Authors of subsequent reports modified that approach by using laparoscopy to place an absorbable pelvic sling in patients requiring pelvic radiotherapy.2 Another more recent novel strategy is the use of an air-filled breast prosthesis to exclude small bowel from the pelvis; this was performed following resection of recurrent adenocarcinoma of the ascending bowel.3 The disadvantage of this approach is the need for reoperation to remove the prosthesis once the radiation therapy has been completed. Katsoulakis et al4 reported a similar technique using saline bags placed by interventional radiology, but a standard Foley catheter was not used in these ten cases. Sezeur et al5 also described a similar technique, but again, they used prosthetics, not standard Foley catheters.

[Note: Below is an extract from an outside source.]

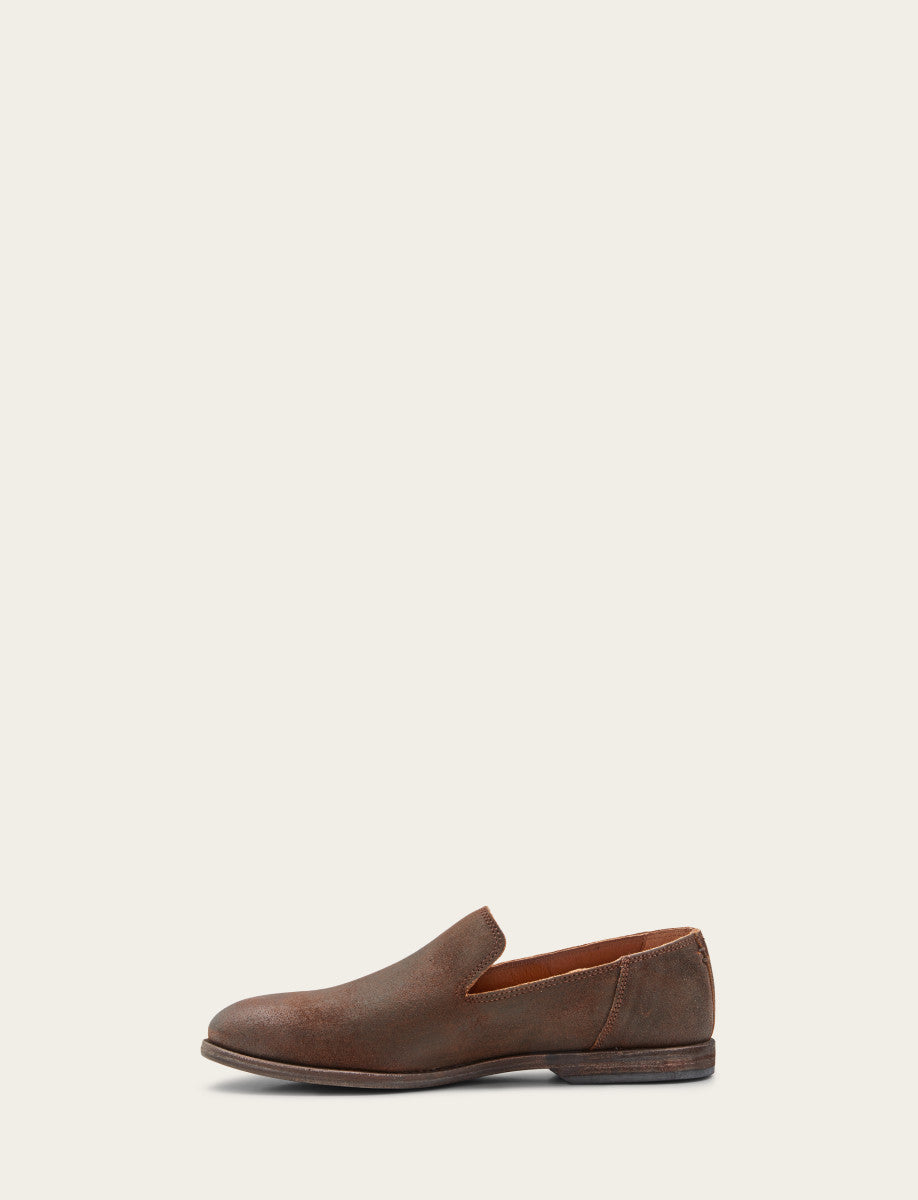 Frye Best Seller - Men's Ginger Suede Chris Venetian Loafers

In patients such as ours with a previous history of external beam radiation, SRS is an important option, but it carries an increased risk of injury to the adjacent small bowel and rectum. For those patients who have exceeded the normal-tissue maximum tolerated dose of external beam therapy in the treatment of unrelated malignancies, alternate treatment strategies are necessary. In the current case, because of anatomic constraints, interventional radiology to either place a physical barrier or to infiltrate the presacral space with saline to displace the bowel anteriorly before radiation treatments was deemed unsuitable. We initially considered an operative approach involving the use of an angioplasty catheter but intraoperatively chose not to proceed with that strategy when we recognized that we could not orient the inflexible catheters in the presacral space without risking injury to the intestine.
The only other therapeutic alternative would have been to use intraoperative radiation therapy. However, because the sacral nerve roots had already received maximal radiation, intraoperative radiation therapy could not be safely delivered. Ultimately, the novel use of a Foley catheter enabled the patient to undergo successful treatment, with successful removal at the completion of treatment.
To reduce the risk of radiation injury to the small bowel and rectum during stereotactic radiosurgery for tumors of the sacrum, a large-volume Foley catheter can be positioned intraoperatively in the pelvis to temporarily displace the visceral organs. The advantages of this approach are the low cost, the ability to place multiple catheters to displace the bowel, and the ability to remove the catheters without the need for reoperation.
Dr Chou reported receiving honoraria from Medtronic and Depuy; he is also a consultant for Globus and Orthofix. Dr Maa is on the Board of Directors of the American Heart Association and the San Francisco Medical Society. Dr Jahan reported receiving grant support from Pfizer, Aduro Pharmaceuticals, Morphotek, OSI/Roche, and Medimmune; he is also a consultant for Clovis Pharmaceuticals and Novartix. No other conflicts of interest were disclosed.
The authors thank Pamela Derish of the University of California, San Francisco Department of Surgery Publications Office for editorial assistance.
Leslie E Parker, ELS, provided editorial assistance.